I Built an AI Creative Director: Automating FB Ad Gen with GPT-4o Vision & Structured Outputs

Published: 1 week ago (January 6, 2026 at 10:40 PM EST)

4 min read

Source: Dev.to

The Architecture: Eye, Brain, and Hand

This isn’t a simple “text‑to‑image” flow. It’s an “image‑to‑text‑to‑image” (multimodal) pipeline composed of three distinct phases:

Phase	Role	Description
Eye	Input Analysis	GPT‑4o Vision analyzes reference (inspiration) images and product images.
Brain	Structured Logic	A LangChain agent synthesizes these inputs into a strict JSON format.
Hand	Execution	A loop triggers the OpenAI Image Generation API for each concept.

Phase 1 – The “Vision” Analysis (Reverse Engineering)

Fetch images – Two parallel Google Drive nodes pull files:
- Inspiration Folder – High‑performing ads from competitors.
- Product Folder – Raw shots of the product we’re selling.
Pass images to GPT‑4o – Images are sent as Base64 to an OpenAI Chat Model node (gpt‑4o).

Prompt for inspiration analysis

Describe the visual style of this image... create a template of the style for inspirations.
Ensure you do not make this product specific, rather focusing on creating outlines for static ad styles.

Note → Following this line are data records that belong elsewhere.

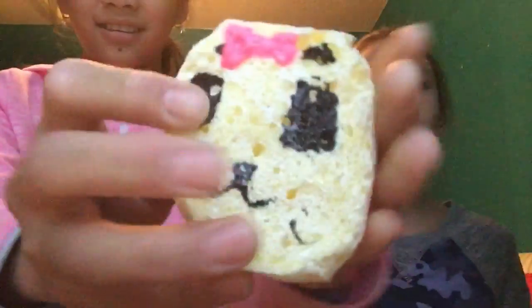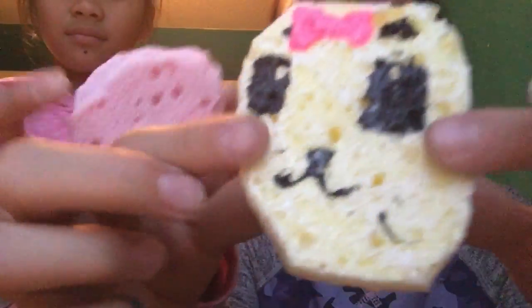We ordered two medium panda buns and this looks like it's homemade — like a yellow sponge and a pink sponge underneath. Let's see what else is in there.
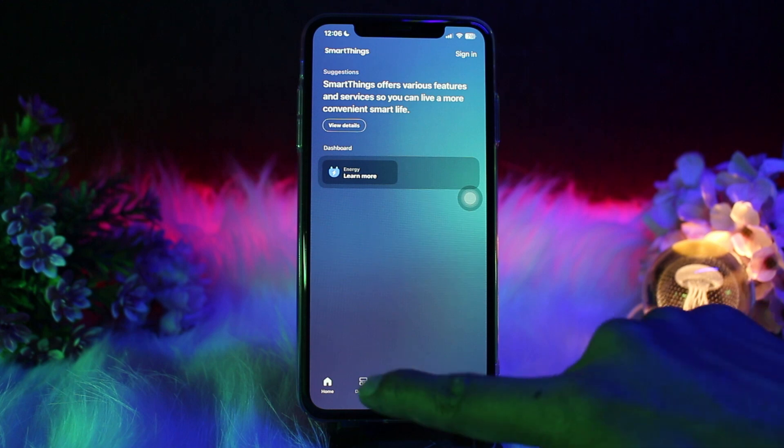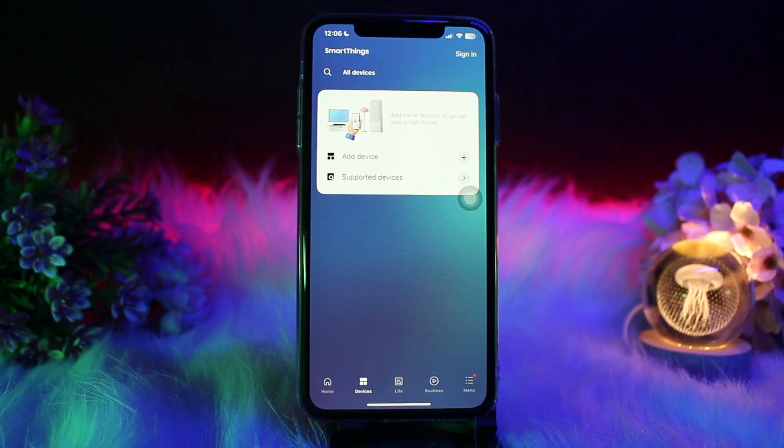Once you're inside, select your hub and tap on it. On tapping it, you'll be provided with a three-dot menu in the top right corner.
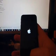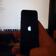And now, to prove that it is in fact untethered, I am going to reboot it.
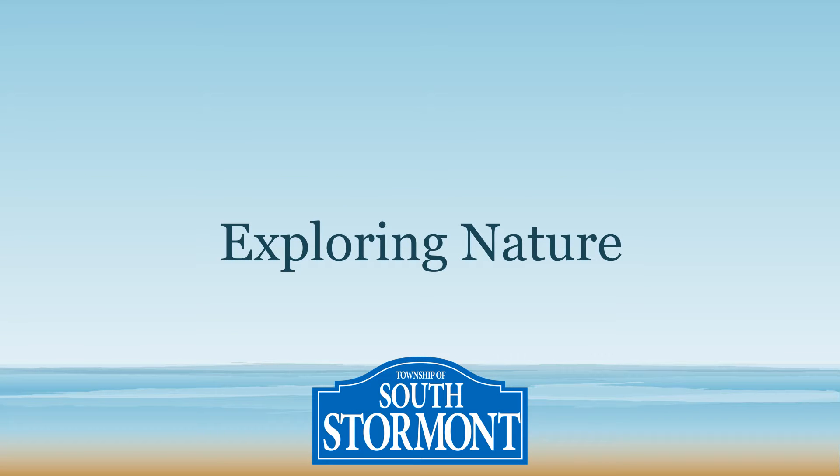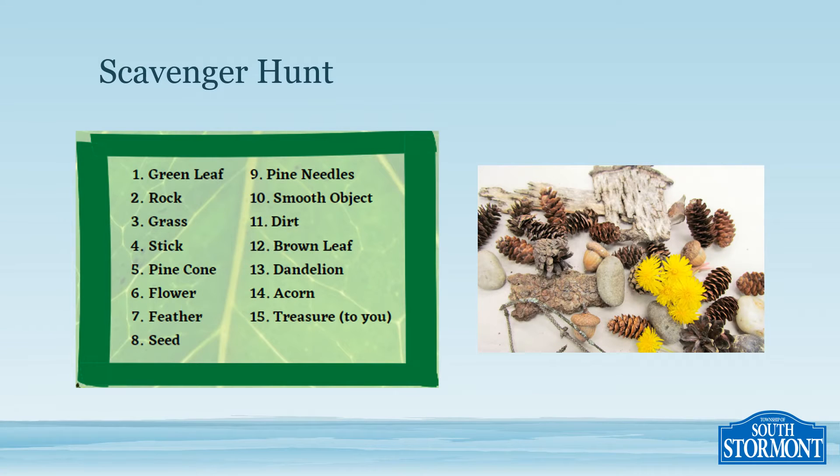Hey everyone, today we're going to explore nature. First, you're going to have to get outside and find the items listed on the Nature's Scavenger Hunt paper.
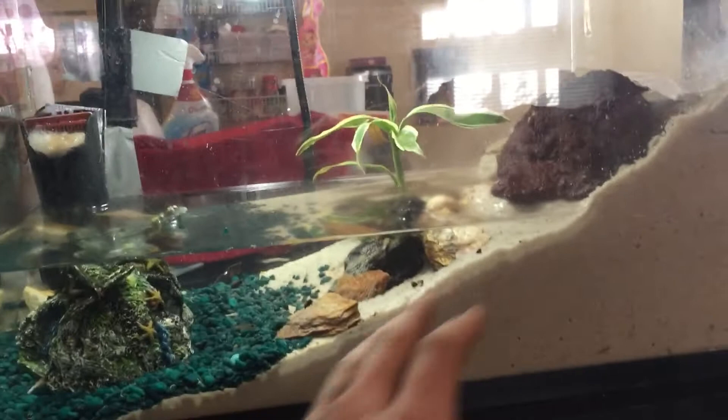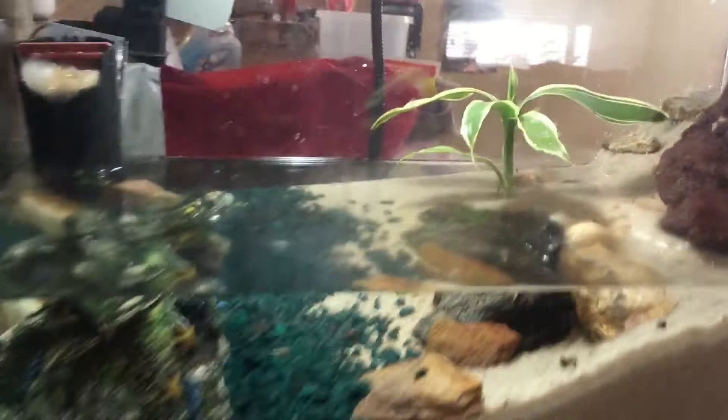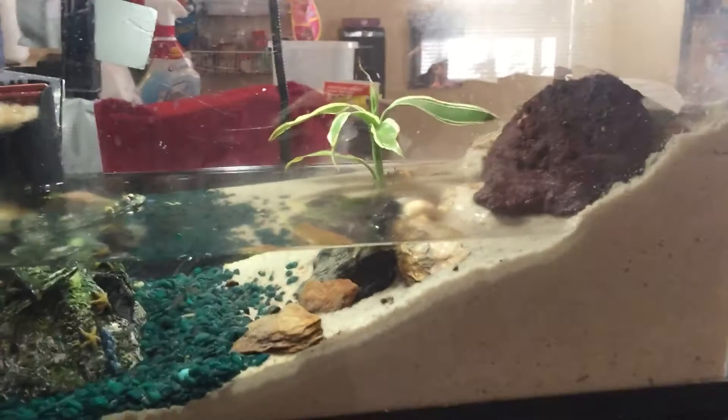I already had sand and gravel from the beta tank, and rocks. So pretty much all I had to do is buy the crabs and that plant right there, and set up a free tank pretty much.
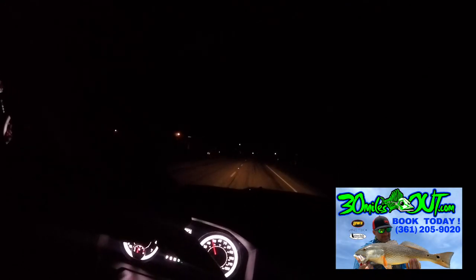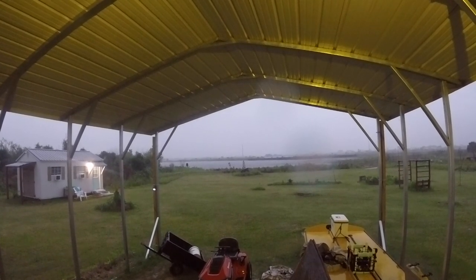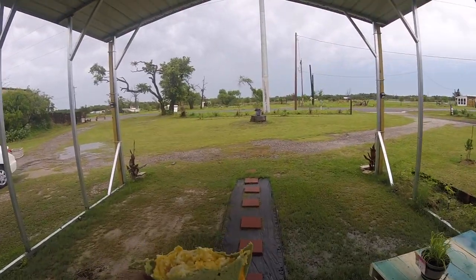We're absolutely dying to go run this new boat, but storms keep popping up. Alright man, we're going to try this again.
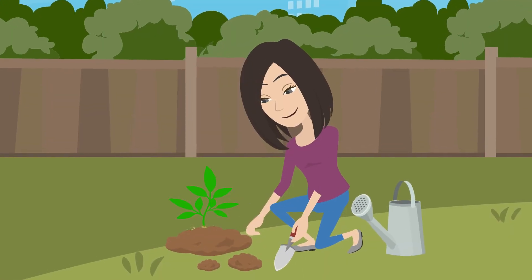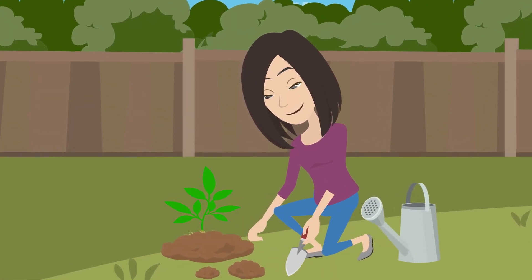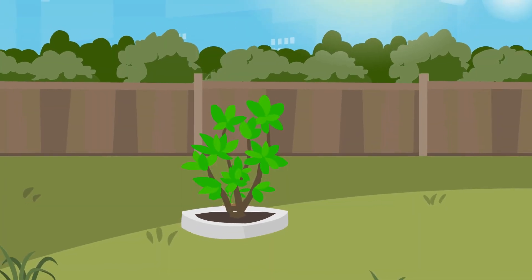After one to three weeks, you can remove the humidity dome and place in soil of your choice. Start growing your own tissue culture plants today!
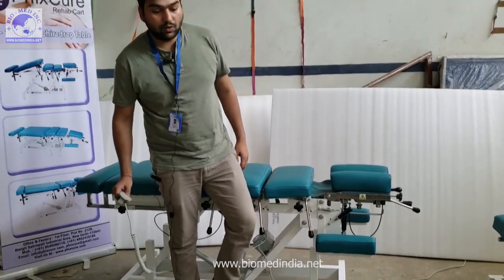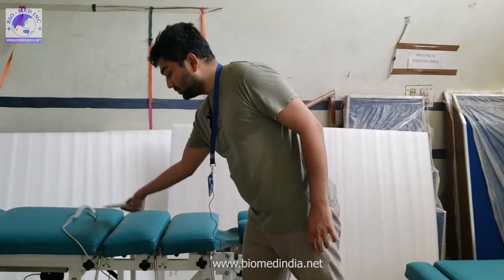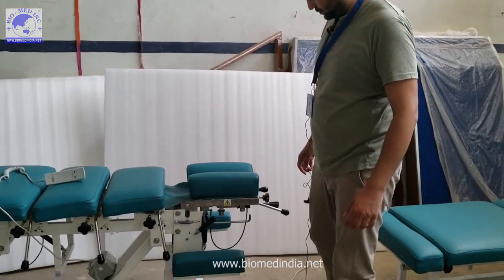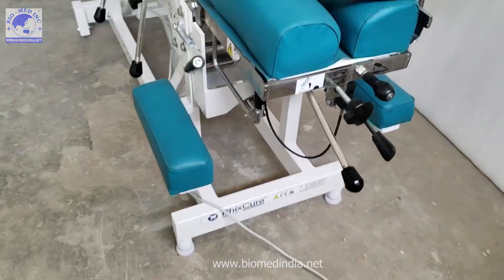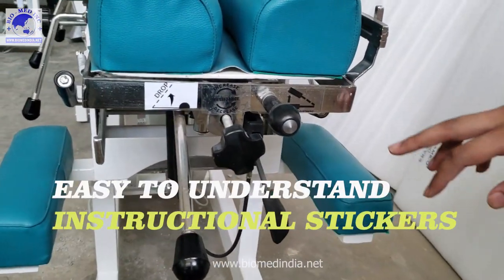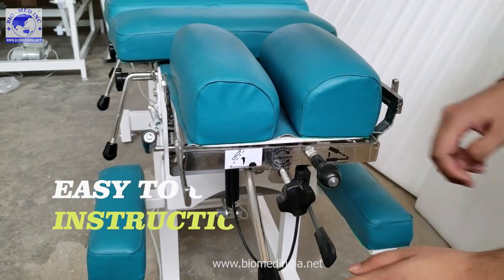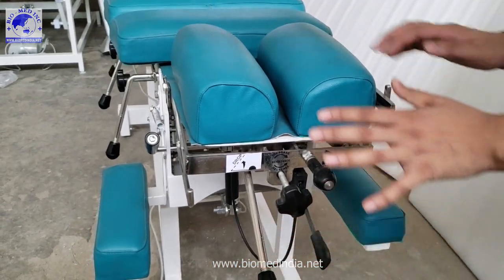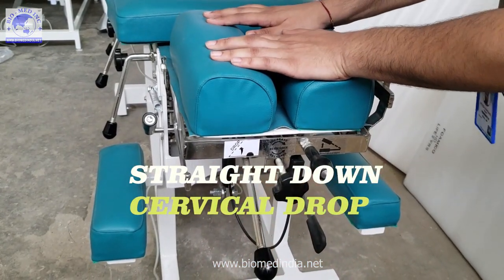The second feature is about the drops. The first one we'll start with is the cervical drop. For the ease of the therapist, we have included instruction stickers on the table. As per the sticker, this is the cervical drop — we are using a straight-down drop, which is the most durable and effective drop for the cervical region.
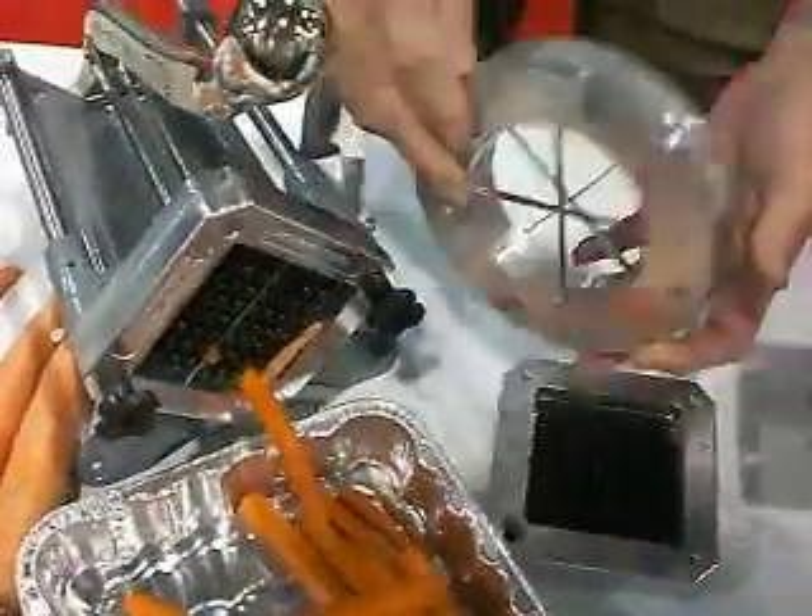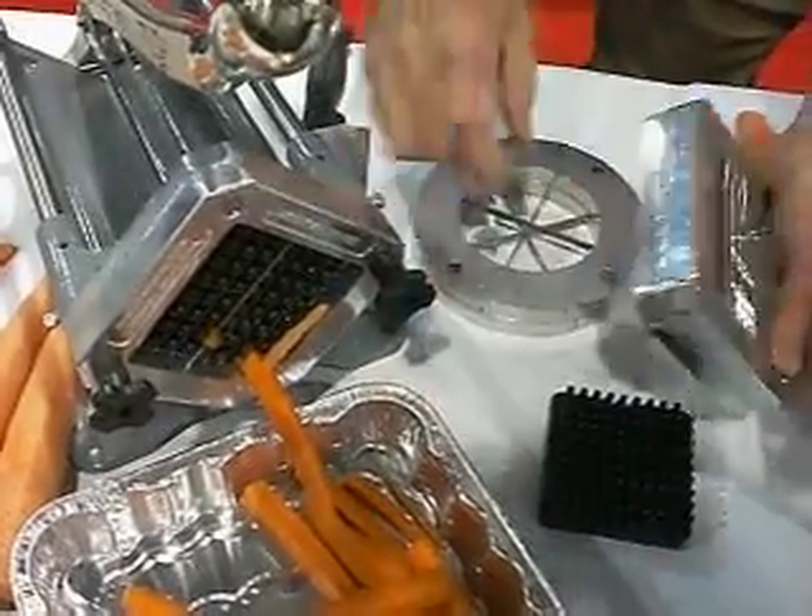It also does wedges for potatoes — four, six, or eight.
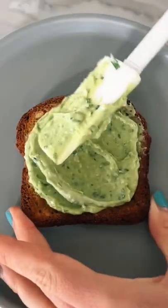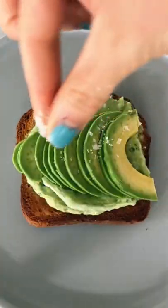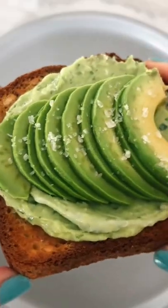Look how creamy that is. And then I'm going to put a nice little avocado on the top, and I'm telling you, this is the best toast ever. Oh my gosh.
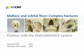This presentation will demonstrate the appropriate technique for the reduction and fixation of complex mid-face fractures and an orbital floor defect. To do this, the matrix mid-face system will be used.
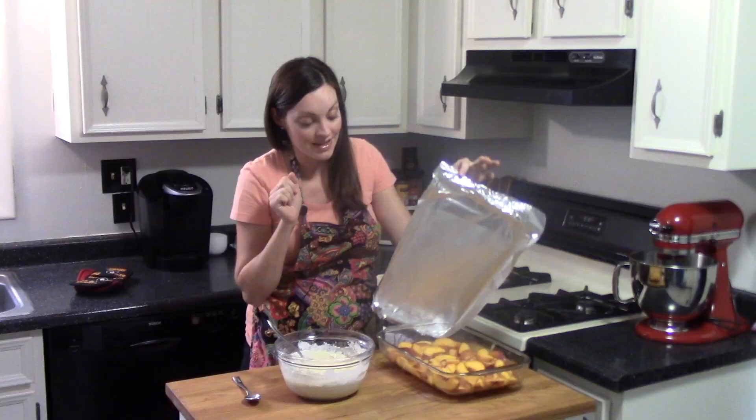While the sweet potatoes roast, I'm going to cook my quinoa. I have half a cup of quinoa that I rinsed under cold water, and I'm adding it to one cup of water — it's just a two-to-one ratio of water to quinoa. I'm going to cover this, bring it to a boil, and then let it simmer covered for about 15 minutes until the quinoa absorbs all the water.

Prompt for product analysis

Identify the core emotions behind it and the main product.
We will use this later to connect the product image with some ad styles.

Result: two text chunks – one describing the “Vibe” (style) and one describing the “Subject” (product/emotions).

Phase 2 – From Chaos to JSON (The Structured Output)

LLMs love to chat, but we need a clean array of prompts.

Use the Advanced AI node – Connect a LangChain Agent to the Structured Output Parser and supply a strict JSON schema.

Schema example

[
  {
    "Prompt": "Sun‑drenched poolside shot of the product on a marble ledge at golden hour, with soft shadows and warm tones. Aspect ratio 1:1."
  },
  {
    "Prompt": "Cool lavender‑tinted sunset beach backdrop behind the product, highlighting reflective metallic accents. Aspect ratio 4:5."
  }
]

The agent merges the Style Description (from the inspiration node) and the Product Description (from the product node) into this exact format, giving us a programmatic array of prompts—no regex or string parsing required.

Phase 3 – The Factory Line (Execution Loop)

Split the JSON array – A Split Out node separates each prompt.
Generate images via raw HTTP – Instead of a pre‑built DALL‑E node, an HTTP Request node calls the OpenAI image generation endpoint directly, giving fine‑grained control over parameters.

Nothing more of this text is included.